# Crawfish



## BrianGSDTexoma (May 2, 2020)

Ready set go!  These things are huge!


----------



## BrianGSDTexoma (May 2, 2020)

Anyone living in Dallas area or has a Fiesta Mart you can buy by the lb. $2.99 or $3.99 for large lb.


----------



## SmokinEdge (May 2, 2020)

That looks fantastic! Did you go catch those yourself? 
Like.


----------



## WaterRat (May 2, 2020)

Trying not to drool on the keyboard !


----------



## Blues1 (May 2, 2020)

Oh Yeah! You got it going on!


----------



## jcam222 (May 2, 2020)

Nice. Haven’t had them in quite awhile. One of the guys that runs one of our plants was from Louisiana. He used to do big crawdad boils


----------



## one eyed jack (May 2, 2020)

That's a great looking pan of chow.


----------



## kruizer (May 2, 2020)

I love mud bugs.


----------



## SmokinAl (May 3, 2020)

I love those things & it's been a while since I've had any!
And your right, I've never seen them that big before!
I bet that was some good eating!
Al


----------



## Bearcarver (May 3, 2020)

Beautiful Crawfish!!
Wish we had some like that around here.
Up here we call ours "Crayfish", and they aren't good for anything but "Bass-Bait".
Like.

Bear


----------



## RyeSmoke (May 11, 2020)

Super jealous! We also call them crayfish where I'm from, and you can catch them down in some of our local rivers. Although it would take a while to get enough for a big boil like that. Still never had a proper crawfish boil. It's high on my bucket list. Do you make them spicy?


----------



## BrianGSDTexoma (May 13, 2020)

I like spicy but really they don't pick up that much of flavor.  They done so quick.  I heard to throw ice in water so they can sit longer will give more flavor.  I do sprinkle the spice over them when they come out.


----------



## Smkryng (May 17, 2020)

Brian Trommater said:


> I like spicy but really they don't pick up that much of flavor.  They done so quick.  I heard to throw ice in water so they can sit longer will give more flavor.  I do sprinkle the spice over them when they come out.
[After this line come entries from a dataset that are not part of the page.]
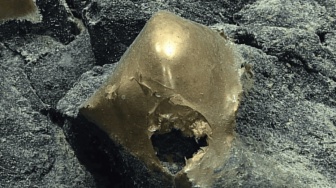 Bola Emas Misterius di Dasar Laut Alaska, Bikin Bingung Para Ilmuwan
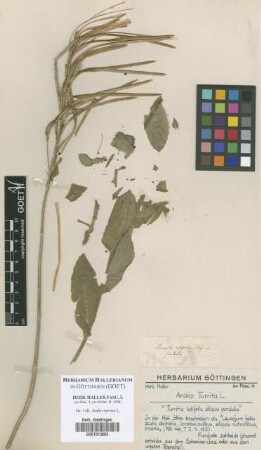 Arabis turrita L.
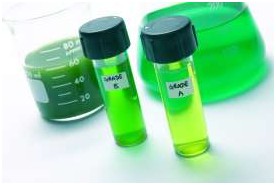 動物飼料中的微藻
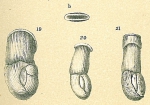 Articularia lineata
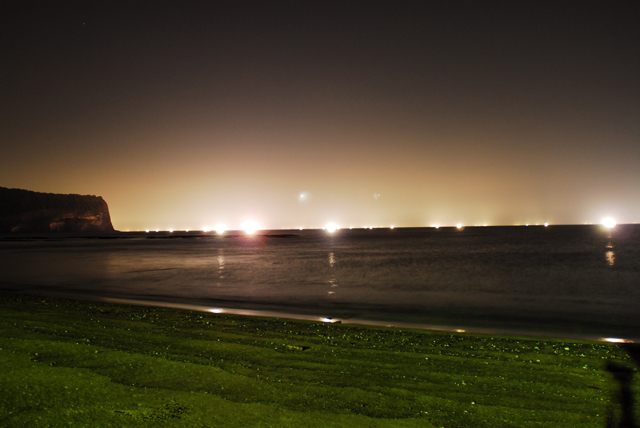 DSC_0208.jpg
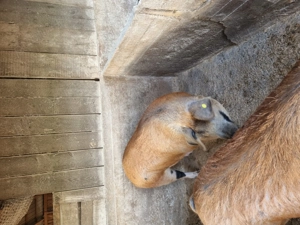 Porci 12 lei kg - imagine 3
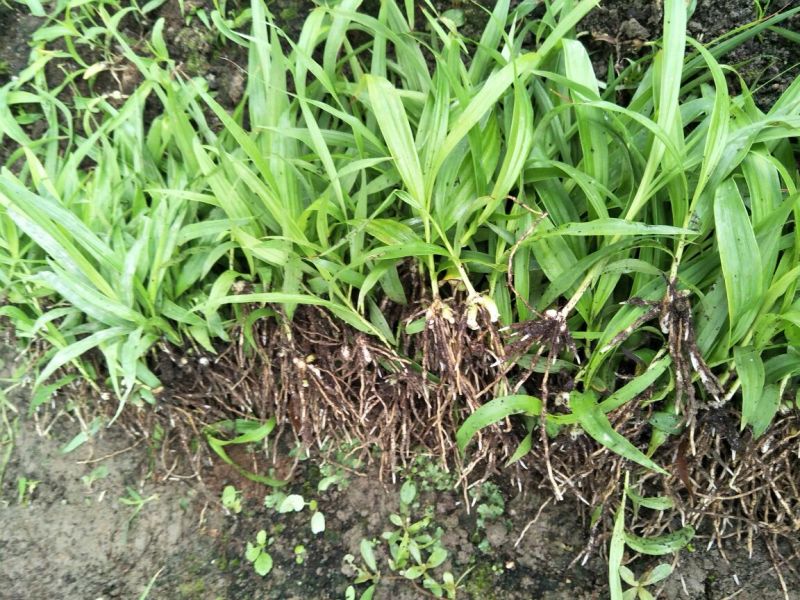 优质紫花三叉大白芨种苗供应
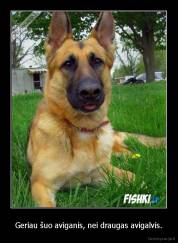 Geriau šuo aviganis, nei draugas avigalvis. - 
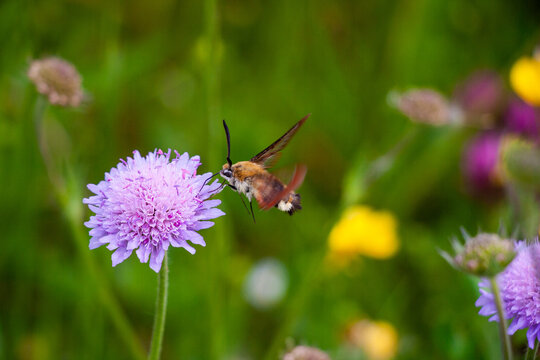 Ackerwitwenblume mit Schw&auml;rmer im Flug saugend
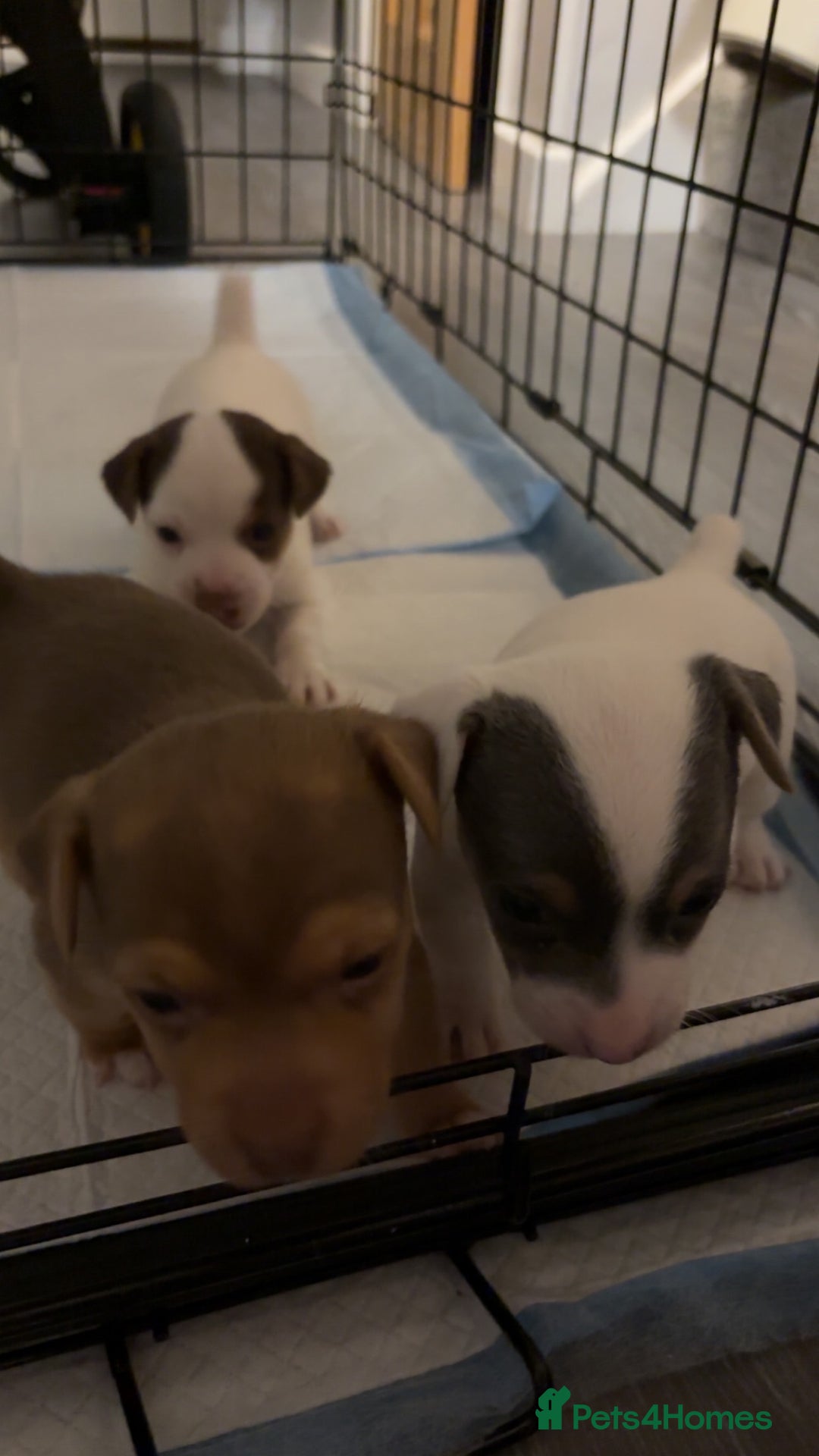 Jack Russell dogs for sale: Miniature Jack Russell’s   - Image 7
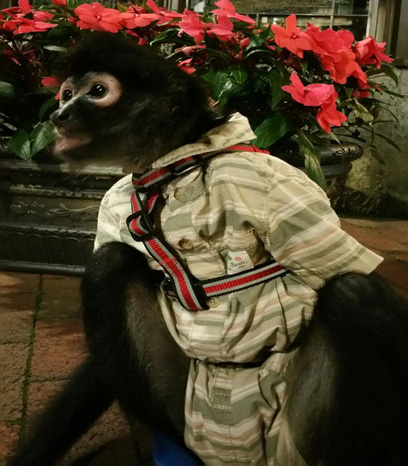 spider monkey harness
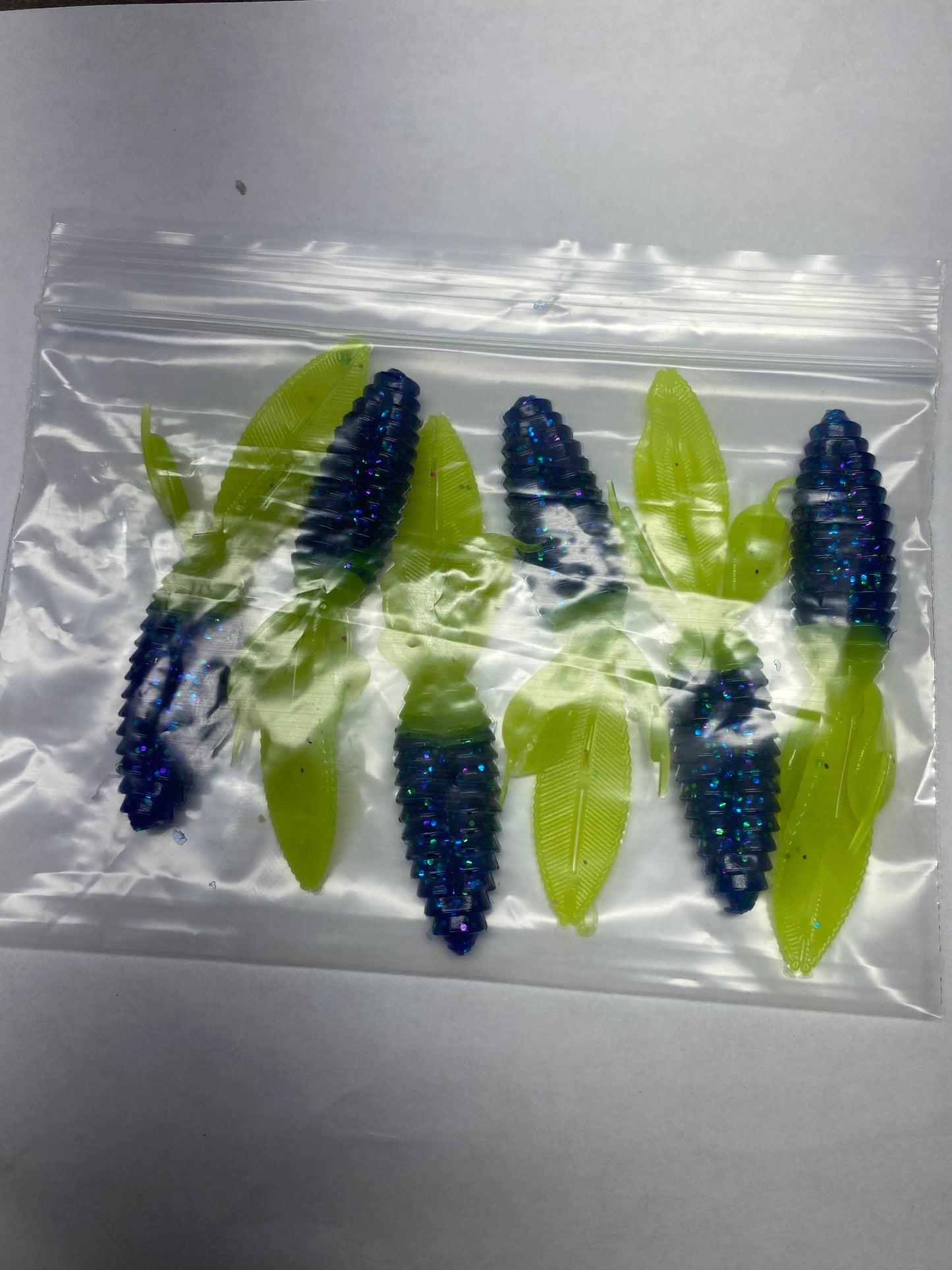 Midnight Blue with green tail Timber Bug 6 pack
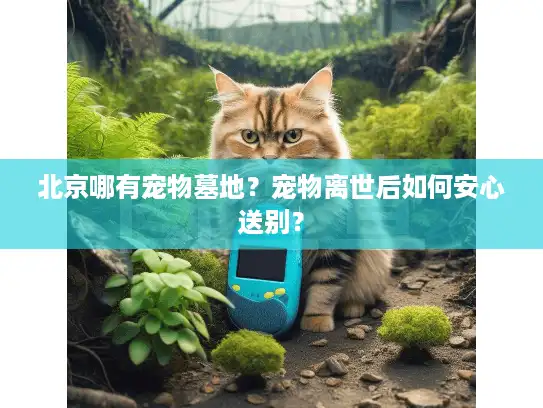 北京哪有宠物墓地？宠物离世后如何安心送别？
If you check out Malcom Reed on YouTube he has a pretty good tutorial on a crawfish boil and how to soak so that they pick up all the juices and spices from the boil. Seems pretty similar to the the way I’ve seen people do it down in Louisiana if that helps any.


----------



## BrianGSDTexoma (May 17, 2020)

Smkryng said:


> If you check out Malcom Reed on YouTube he has a pretty good tutorial on a crawfish boil and how to soak so that they pick up all the juices and spices from the boil. Seems pretty similar to the the way I’ve seen people do it down in Louisiana if that helps any.


Malcom Reed  nows his stuff.  I just sent buddy a link to his channel yeasterday.  He my go to guy!


----------